The transport layer in the middle host must also gather outgoing data from these
sockets, form transport-layer segments, and pass these segments down to the
network layer.
Source and Destination port number
Now that we understand the roles of transport-layer multiplexing and demultiplexing,
let us examine how it is actually done in a host. From the discussion above, we know
that transport-layer multiplexing requires (1) that sockets have unique identifiers, and
(2) that each segment have special header fields that indicate the socket to which the
segment is to be delivered. These special fields, illustrated in Figure 3.3, are the
source port number field and the destination port number field. (The UDP and TCP
headers have other fields as well, as discussed in the subsequent sections of this
chapter.) Each port number is a 16-bit number, ranging from 0 to 65535
.
Well-known port numbers
The port numbers ranging from 0 to 1023 are called well-known port numbers and are
restricted, which means that they are reserved for use by well-known application
protocols such as HTTP (which uses port number 80) and FTP (which uses port
number 21).

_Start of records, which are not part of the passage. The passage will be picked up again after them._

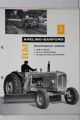Motor Grader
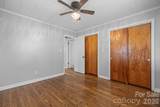 1859 Mcree Road - Photo 16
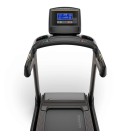 TREADMILL TF30 con consola XR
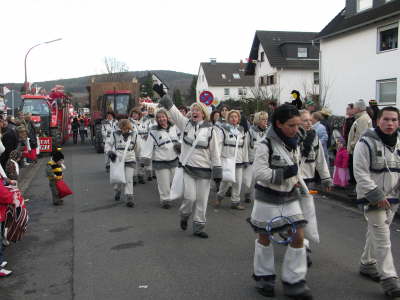 Umzug 2008 097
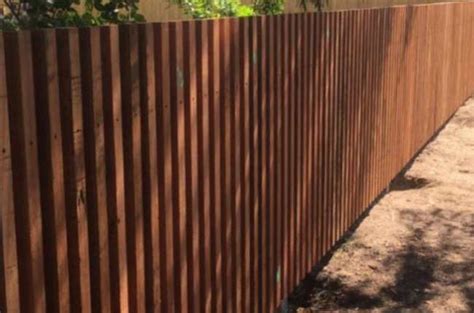 timber battens barwon timber
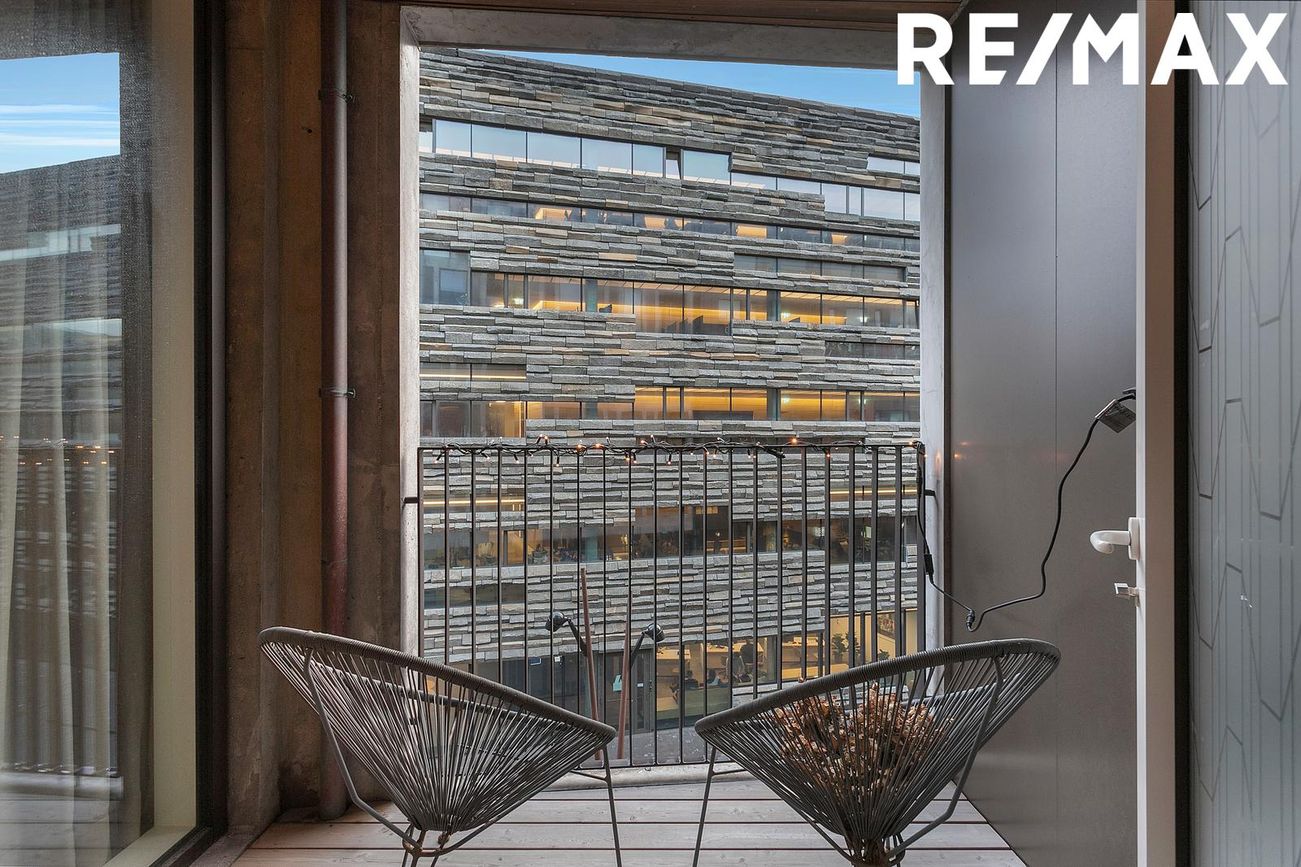 Reykjastræti 7 - 0314, 101 Reykjavík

The list of well-known port numbers is given in RFC 1700 and is updated
at http://www.iana.org [RFC 3232].
When we develop a new network application, we must assign the application a port
number. It should now be clear how the transport layer could implement the
demultiplexing service: Each socket in the host could be assigned a port number, and
when a segment arrives at the host, the transport layer examines the destination port
number in the segment and directs the segment to the corresponding socket. The
segment’s data then passes through the socket into the attached process.